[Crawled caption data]
__________

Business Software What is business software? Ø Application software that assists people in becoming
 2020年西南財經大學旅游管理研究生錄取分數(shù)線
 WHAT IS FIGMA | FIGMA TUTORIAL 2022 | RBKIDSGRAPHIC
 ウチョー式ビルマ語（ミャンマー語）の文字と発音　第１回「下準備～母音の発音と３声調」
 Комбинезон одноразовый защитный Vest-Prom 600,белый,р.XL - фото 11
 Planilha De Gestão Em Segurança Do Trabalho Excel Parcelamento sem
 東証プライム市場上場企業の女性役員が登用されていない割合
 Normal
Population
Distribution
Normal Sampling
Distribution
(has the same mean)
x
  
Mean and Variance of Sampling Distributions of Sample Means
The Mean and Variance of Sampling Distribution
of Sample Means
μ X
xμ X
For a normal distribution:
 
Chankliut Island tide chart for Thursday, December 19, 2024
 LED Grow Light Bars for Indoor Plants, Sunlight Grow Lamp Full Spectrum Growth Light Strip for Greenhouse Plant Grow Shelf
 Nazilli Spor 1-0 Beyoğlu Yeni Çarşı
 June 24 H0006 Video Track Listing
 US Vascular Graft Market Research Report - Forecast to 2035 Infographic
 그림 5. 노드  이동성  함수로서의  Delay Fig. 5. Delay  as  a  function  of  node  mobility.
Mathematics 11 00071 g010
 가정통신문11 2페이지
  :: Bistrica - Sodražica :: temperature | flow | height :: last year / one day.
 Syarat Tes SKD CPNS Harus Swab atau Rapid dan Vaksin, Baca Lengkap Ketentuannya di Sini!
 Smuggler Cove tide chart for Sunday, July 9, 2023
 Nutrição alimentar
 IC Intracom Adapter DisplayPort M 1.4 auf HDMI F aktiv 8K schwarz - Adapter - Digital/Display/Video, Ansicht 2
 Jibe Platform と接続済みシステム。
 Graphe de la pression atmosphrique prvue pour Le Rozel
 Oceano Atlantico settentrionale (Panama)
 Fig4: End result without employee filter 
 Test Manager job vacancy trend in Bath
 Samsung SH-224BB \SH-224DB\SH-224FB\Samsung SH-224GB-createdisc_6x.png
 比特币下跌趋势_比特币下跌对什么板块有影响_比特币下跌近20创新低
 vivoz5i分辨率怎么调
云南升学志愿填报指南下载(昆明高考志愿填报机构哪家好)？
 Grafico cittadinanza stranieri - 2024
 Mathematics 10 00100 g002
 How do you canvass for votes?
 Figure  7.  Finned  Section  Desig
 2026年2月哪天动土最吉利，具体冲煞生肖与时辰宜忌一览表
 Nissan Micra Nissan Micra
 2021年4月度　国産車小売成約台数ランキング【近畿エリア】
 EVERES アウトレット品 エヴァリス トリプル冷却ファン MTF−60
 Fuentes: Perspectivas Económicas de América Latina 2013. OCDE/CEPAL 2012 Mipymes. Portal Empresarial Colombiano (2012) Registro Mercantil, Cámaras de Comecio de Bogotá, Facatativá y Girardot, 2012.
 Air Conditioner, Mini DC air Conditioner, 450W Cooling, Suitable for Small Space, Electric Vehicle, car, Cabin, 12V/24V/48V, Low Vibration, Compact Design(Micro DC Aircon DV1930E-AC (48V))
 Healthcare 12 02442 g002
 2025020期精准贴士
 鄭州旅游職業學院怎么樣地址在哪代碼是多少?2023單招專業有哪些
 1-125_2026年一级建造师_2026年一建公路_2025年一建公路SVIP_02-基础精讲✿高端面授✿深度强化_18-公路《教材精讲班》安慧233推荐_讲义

__________

Go through the records and copy each one exactly.

Business Software What is business software? Ø Application software that assists people in becoming
 2020年西南財經大學旅游管理研究生錄取分數(shù)線
 WHAT IS FIGMA | FIGMA TUTORIAL 2022 | RBKIDSGRAPHIC
 ウチョー式ビルマ語（ミャンマー語）の文字と発音　第１回「下準備～母音の発音と３声調」
 Комбинезон одноразовый защитный Vest-Prom 600,белый,р.XL - фото 11
 Planilha De Gestão Em Segurança Do Trabalho Excel Parcelamento sem
 東証プライム市場上場企業の女性役員が登用されていない割合
 Normal
Population
Distribution
Normal Sampling
Distribution
(has the same mean)
x
  
Mean and Variance of Sampling Distributions of Sample Means
The Mean and Variance of Sampling Distribution
of Sample Means
μ X
xμ X
For a normal distribution:
 
Chankliut Island tide chart for Thursday, December 19, 2024
 LED Grow Light Bars for Indoor Plants, Sunlight Grow Lamp Full Spectrum Growth Light Strip for Greenhouse Plant Grow Shelf
 Nazilli Spor 1-0 Beyoğlu Yeni Çarşı
 June 24 H0006 Video Track Listing
 US Vascular Graft Market Research Report - Forecast to 2035 Infographic
 그림 5. 노드  이동성  함수로서의  Delay Fig. 5. Delay  as  a  function  of  node  mobility.
Mathematics 11 00071 g010
 가정통신문11 2페이지
  :: Bistrica - Sodražica :: temperature | flow | height :: last year / one day.
 Syarat Tes SKD CPNS Harus Swab atau Rapid dan Vaksin, Baca Lengkap Ketentuannya di Sini!
 Smuggler Cove tide chart for Sunday, July 9, 2023
 Nutrição alimentar
 IC Intracom Adapter DisplayPort M 1.4 auf HDMI F aktiv 8K schwarz - Adapter - Digital/Display/Video, Ansicht 2
 Jibe Platform と接続済みシステム。
 Graphe de la pression atmosphrique prvue pour Le Rozel
 Oceano Atlantico settentrionale (Panama)
 Fig4: End result without employee filter 
 Test Manager job vacancy trend in Bath
 Samsung SH-224BB \SH-224DB\SH-224FB\Samsung SH-224GB-createdisc_6x.png
 比特币下跌趋势_比特币下跌对什么板块有影响_比特币下跌近20创新低
 vivoz5i分辨率怎么调
云南升学志愿填报指南下载(昆明高考志愿填报机构哪家好)？
 Grafico cittadinanza stranieri - 2024
 Mathematics 10 00100 g002
 How do you canvass for votes?
 Figure  7.  Finned  Section  Desig
 2026年2月哪天动土最吉利，具体冲煞生肖与时辰宜忌一览表
 Nissan Micra Nissan Micra
 2021年4月度　国産車小売成約台数ランキング【近畿エリア】
 EVERES アウトレット品 エヴァリス トリプル冷却ファン MTF−60
 Fuentes: Perspectivas Económicas de América Latina 2013. OCDE/CEPAL 2012 Mipymes. Portal Empresarial Colombiano (2012) Registro Mercantil, Cámaras de Comecio de Bogotá, Facatativá y Girardot, 2012.
 Air Conditioner, Mini DC air Conditioner, 450W Cooling, Suitable for Small Space, Electric Vehicle, car, Cabin, 12V/24V/48V, Low Vibration, Compact Design(Micro DC Aircon DV1930E-AC (48V))
 Healthcare 12 02442 g002
 2025020期精准贴士
 鄭州旅游職業學院怎么樣地址在哪代碼是多少?2023單招專業有哪些
 1-125_2026年一级建造师_2026年一建公路_2025年一建公路SVIP_02-基础精讲✿高端面授✿深度强化_18-公路《教材精讲班》安慧233推荐_讲义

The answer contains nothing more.